Falafel is one of those typical vegetarian dishes that everyone knows. Its particularly popular in the middle east. Its a very easy dish to prepare, however there are a few factors to consider when attempting to make great falafel.

1. Soaking the chickpeas for between 12-24 hours NOT COOKING THEM. Most traditional falafel is made with beans that have been soaked only.. if you cook them and then try to fry them they will likely disintegrate into the oil. Theres something about not cooking them that holds them together nicely, this is a plus as it saves you time cooking them!

2. Herbs and spices. Theres nothing worse than a falafel thats lacking in seasoning. Making sure there is enough spice, herbs and salt is crucial.

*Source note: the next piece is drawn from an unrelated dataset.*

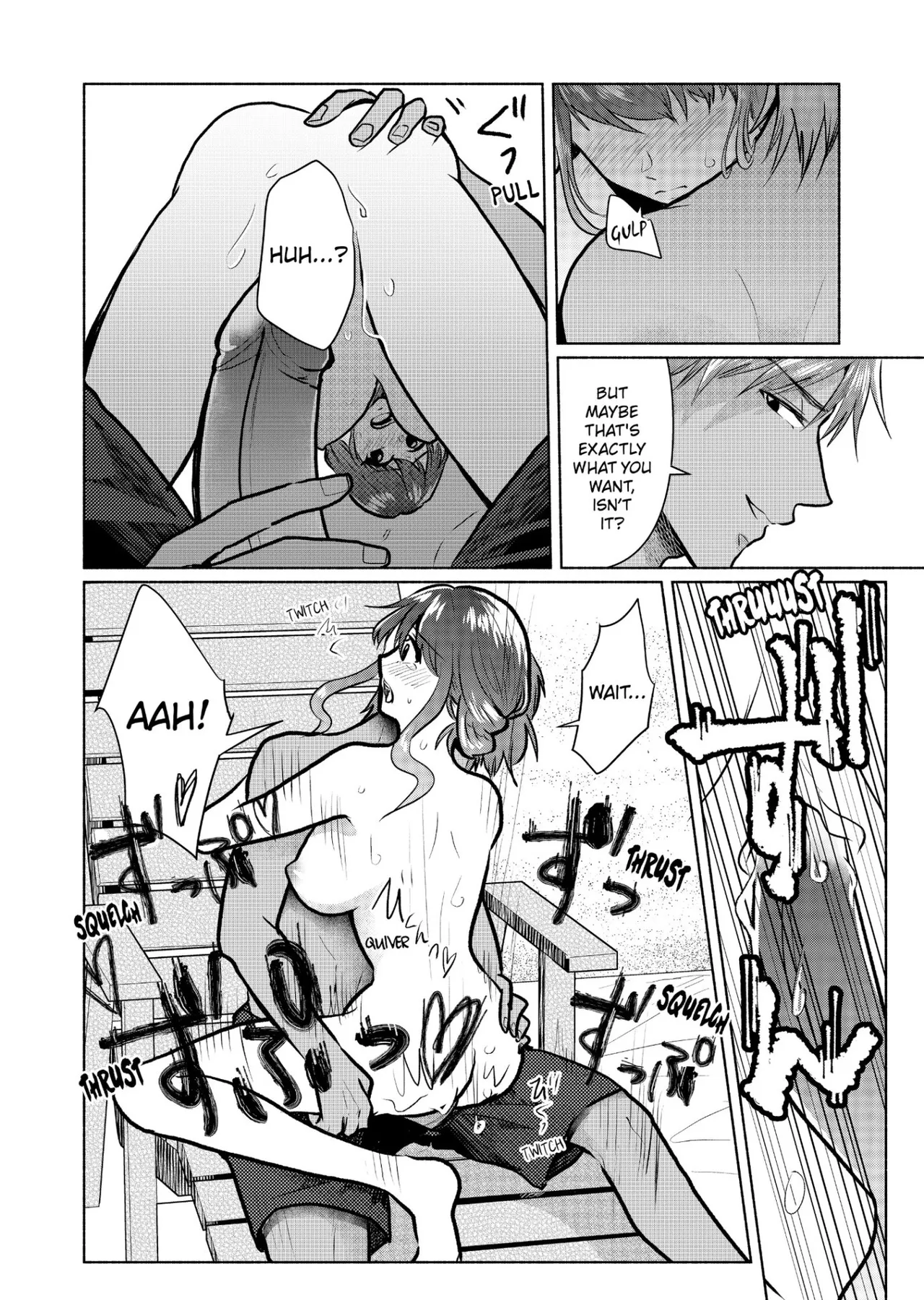 Sexless no Hitozuma ga YariCir Danshi-tachi ni Damasarete... Taninbou de Gachi Iki Satsueikai 1-3 Chapter 1-3 - page 63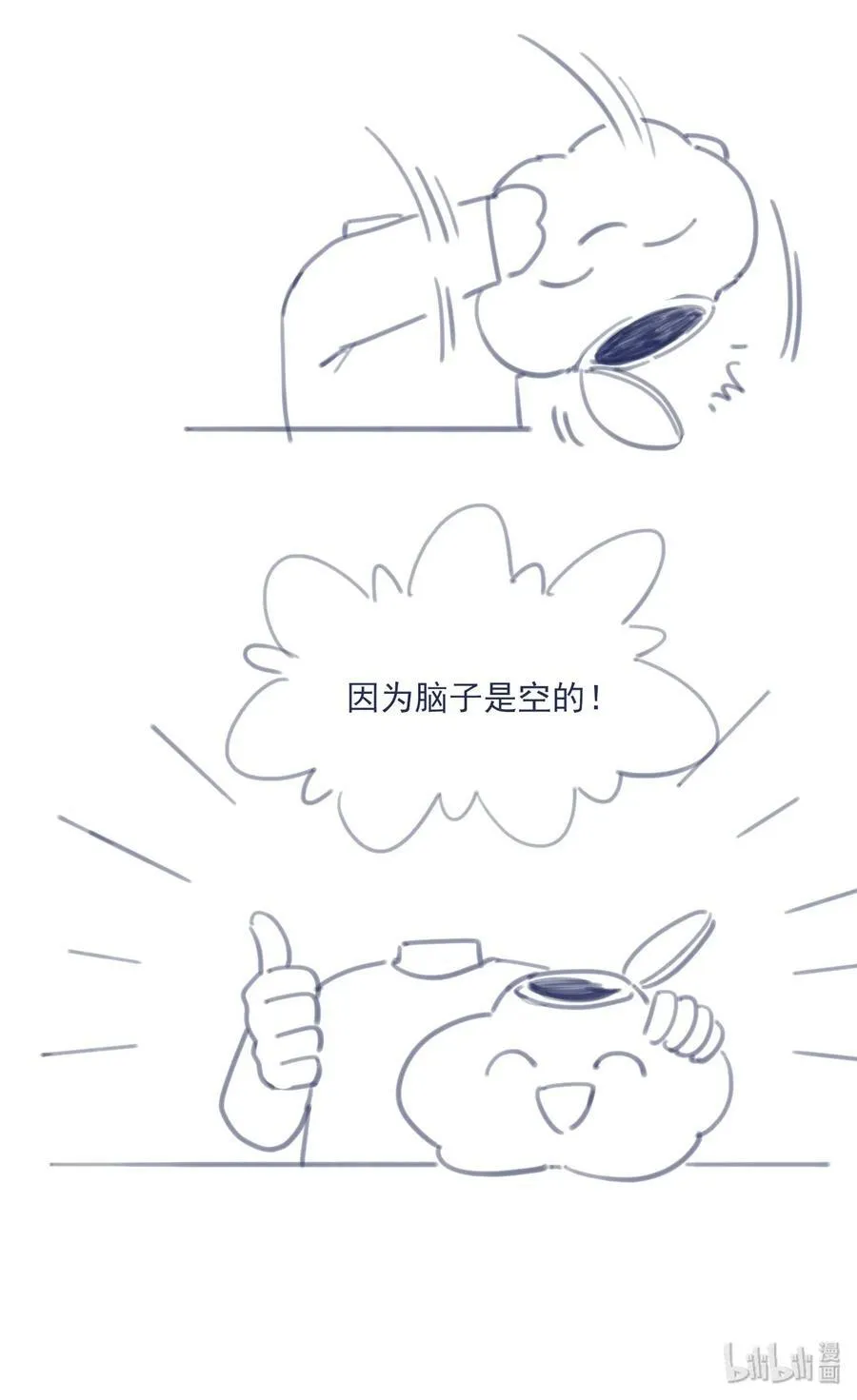 028 寻求真相 第44页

3. Having a banging hummus to serve them with! For this reason I’m also sharing a legit hummus recipe along with this falafel recipe 🙂

Lets get down to it!

Chickpea Falafels

(serves 3-4 people)

125g dried chickpeas (soaked for 24 hours and rinsed)
25g fresh parsley (roughly chopped)
100g white onion finely chopped (1 small onion)
1.5 tsp ground cumin
1 tsp ground coriander
1 tsp smoked paprika
1.5 tsp himalayan salt
3 cloves garlic (finely chopped)
2 tbsp olive oil + 2 tbsp more for cooking the onions

1. Heat up a frying pan with 2 tbsp of olive oil. Add the chopped onion and cook on a medium to low heat for 5 minutes until the onions are lightly caramelised.

2. Add the spices and the salt and cook for a further 2 minutes to caramelise the spices nicely.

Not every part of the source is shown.